Britain is now publicly doing what it expressly said it would not do when the no-fly intervention began: putting boots on the ground in Libya. France is taking similar action. Given that the rebel forces have convincingly demonstrated their inability to win on their own, given the sizeable negatives for David Cameron and Nicolas Sarkozy of an open-ended, inconclusive conflict, and given Barack Obama's flat refusal to do any more, the question now is: how many more British and French boots will follow, sooner or later, in the advisers' fateful footsteps?
It's plain where the pressure for closer, more direct Anglo-French involvement is coming from. Most of Nato, despite numerous joint statements, is sitting this one out. Of its 28 members, 14 are said to be "actively participating" but only six are doing any fighting. Of the 22-country Arab League, whose panicky appeal prompted the UN to authorise the intervention, only Qatar and the UAE have shown up for duty. Excluding them, of the 192 members of the UN general assembly, who all have a legal "responsibility to protect" civilians attacked by their own governments, only Sweden has put its money where its mouth is.
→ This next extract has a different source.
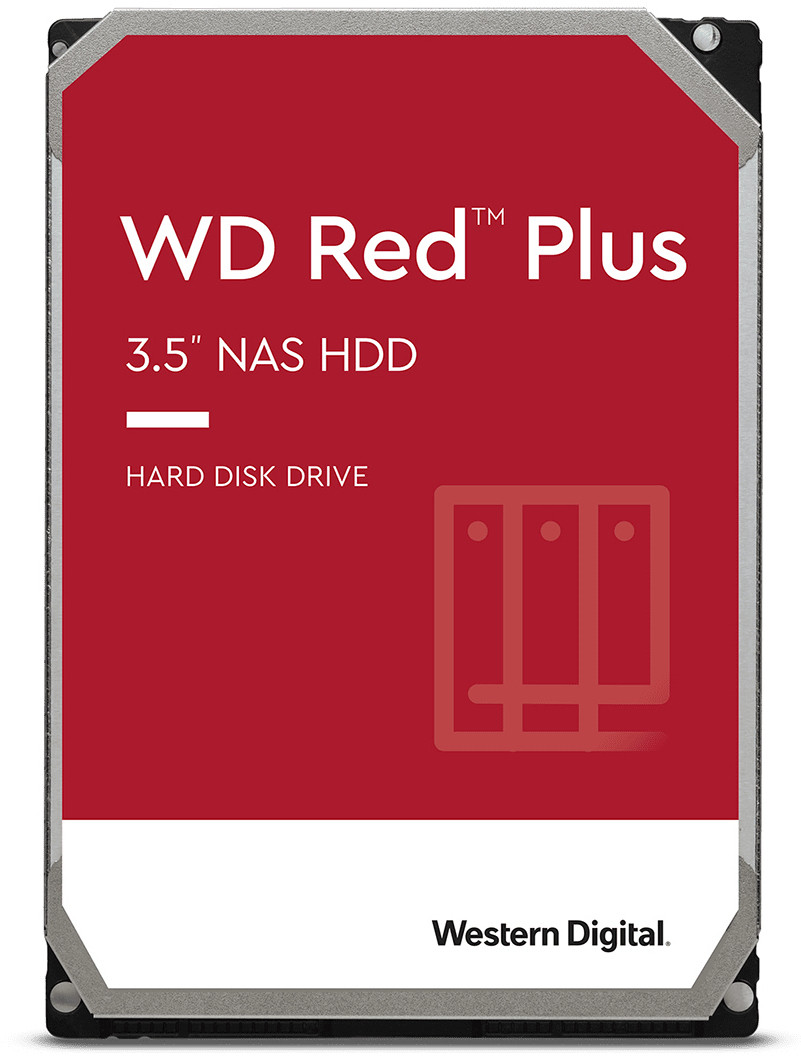 Dysk twardy HDD WD Red Plus WD120EFBX (12 TB ; 3.5"; 256 MB; 7200 obr/min) - zdjęcie 1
By demanding (with Obama) that Gaddafi and his family relinquish power – and, indeed, by making this so far unlikely outcome the definition of their success – Cameron and Sarkozy have added to the pressures upon them. By suggesting that Benghazi, facing destruction last month by Gaddafi's forces, would have been a new Srebrenica but for the intervention, the allies must now, logically, offer the same level of protection to Misrata and other desperate towns. This may only be achieved by ground-based intervention.
By encouraging and assisting rebel resistance, as George Bush Snr did with the Shias of southern Iraq in 1991, Britain and France risk worsening the plight of the Libyan civilians they are primarily pledged to defend. The UN and concerned aid agencies all agree the humanitarian situation is growing steadily worse, the longer the conflict continues. These considerations have led former British foreign secretary David Owen, among others, to urge the creation of Bosnian or Kurdish-style "safe havens", starting with an exclusion zone around Misrata defended by British and French troops.
But how long before allied troops so deployed were themselves drawn into direct engagements with pro-Gaddafi forces, be they regular army, mercenary or civilian? Pernicious mission creep tends to blind affected decision-makers to such obvious concerns. "Just as Benghazi was saved within hours, so must Misrata be. We have probably only a few days …" Owen wrote in the Times. In other words, don't think about it. Just do it.
Owen's proposal has no official standing, not yet at least. But escalation is in the air – and on the ground. The EU is discussing what it says is an approved "concept of operations" for sending European troops to Libya to protect refugees and humanitarian relief efforts. Nato strike aircraft, unsuited to killing alleyway snipers, are instead widening their target range to include Gaddafi's communication lines and his home town of Sirte. And off the record, nobody bothers to deny that British and other special forces are already operating in theatre. Today's announcement about military advisers is a public acknowledgement of hitherto covert ground-level involvement.
It's worth recalling that UN security council resolution 1973, passed last month, does not authorise member states to support the rebels, to defend armed groups, or to oust Gaddafi. Nor does it authorise an Iraq-style ground invasion or military occupation, in any shape or form, size or scale. But in reality, much of this is now happening, willy-nilly. Make no mistake: the creep is on.